Entries provided —
● ● ● ● ●

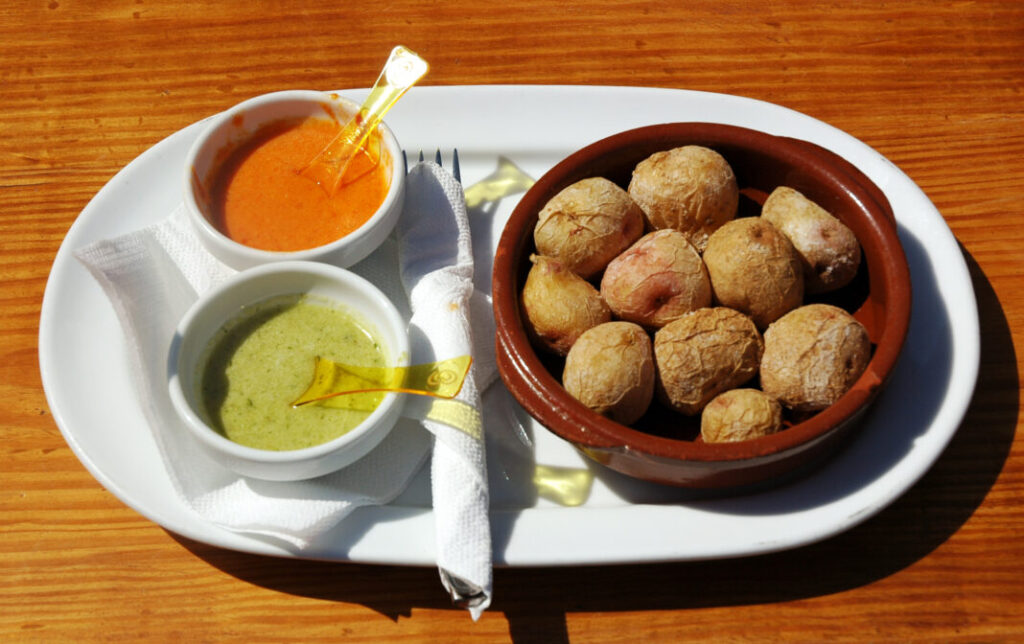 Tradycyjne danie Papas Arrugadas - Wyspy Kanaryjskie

● ● ● ● ●

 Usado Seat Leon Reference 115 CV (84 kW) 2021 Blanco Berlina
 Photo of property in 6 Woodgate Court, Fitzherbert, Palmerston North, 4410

● ● ● ● ●

Problem statement — Go through the listing above and write out exactly the lines starting with the one holding "Usado Seat Leon" and running through the one holding "Photo of property", ends included, and no others.

Answer space —
 Usado Seat Leon Reference 115 CV (84 kW) 2021 Blanco Berlina
 Photo of property in 6 Woodgate Court, Fitzherbert, Palmerston North, 4410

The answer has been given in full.